9.) New Interagency Worksite Enforcement Group:
As the DOL explains in a web-posted posted Fact Sheet, in order to promote effective enforcement of federal labor, employment, and immigration laws, the Administration has announced the creation of an interagency working group to identify policies and procedures that promote the consistent enforcement of those laws and protect all workers in the U.S. This group will consist of members of the DOL, DHS, the Department of Justice, the Equal Employment Opportunity Commission, and the National Labor Relations Board. Employers should therefore arrange to review its immigration and employment law compliance practices with legal counsel. (Please consult your Seyfarth attorney if you have questions.)

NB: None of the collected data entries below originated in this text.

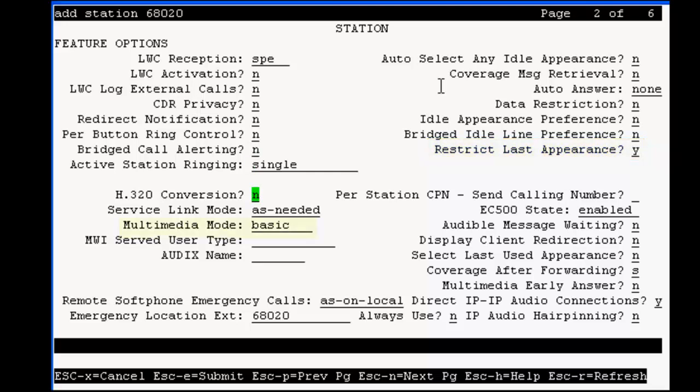Now, set multimedia mode to enhanced. And on the bottom right, be sure to have direct IP-IP audio connections set to yes, and IP audio opening set to yes.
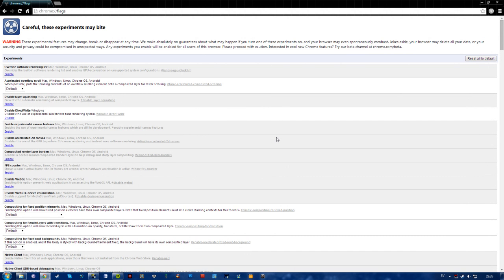What's going on guys, Philip here and today I'm going to show you how to get rid of the weird italic bold font in Google Chrome.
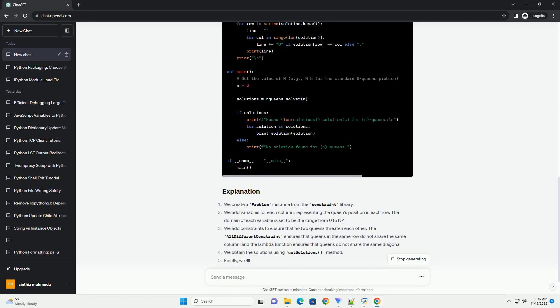In this tutorial, we'll explore how to solve the N-queens problem using the Python constraint library.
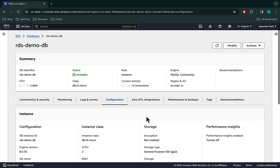We are going to follow the following steps to encrypt the unencrypted database. First, create a snapshot of the database — the snapshot of an unencrypted database would also be unencrypted. Then we would encrypt a copy of the unencrypted DB snapshot. And lastly, we would restore the encrypted DB snapshot as an encrypted RDS DB instance.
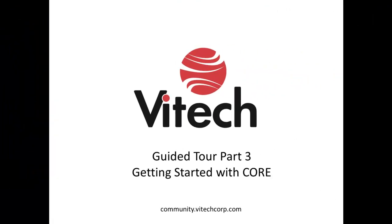This concludes Part 3 of the guided tour. Part 4 will address starting a new project and extracting requirements. If you have any questions or concerns, let me know. Email me at support at vitechcorp.com. Take care. Thank you.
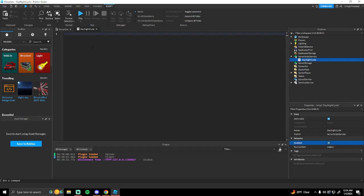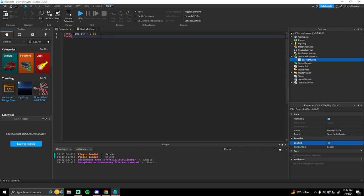This is going to be a really simple script. First we're going to create two variables. One is going to be called `timeTick` and we're going to set this to 0.01. Then the next variable is going to be `timeChange`, which we're also going to set to 0.01.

10.) New Work Permits and I-9 Issues:
Through the implementation of Deferred Action for Childhood Arrivals (DACA), USCIS issued guidance to employers on the treatment of Employment Authorization Documents (EADs) issued by USCIS to deferred action recipients and how employers should process Form I-9, Employment Eligibility Verification, in these cases. USCIS will issue further I-9 guidance to employers as the volume of these documents will now increase due to the expansion of DACA and the new Deferred Action for Parents (DAP) program. Unfortunately, USCIS has announced that it will not be able to act on all requests of DACA and DAP applicants for immigration benefits (including employment authorization) until the end of 2016. Meanwhile, employers have been given no deferral of enforcement if employers become aware that a worker has applied for DACA/DAP benefits, and thus, by definition, is not authorized to work and thus must face employment termination.
We will monitor these proposed changes closely and provide additional details on implementation procedures and timelines as the information becomes available.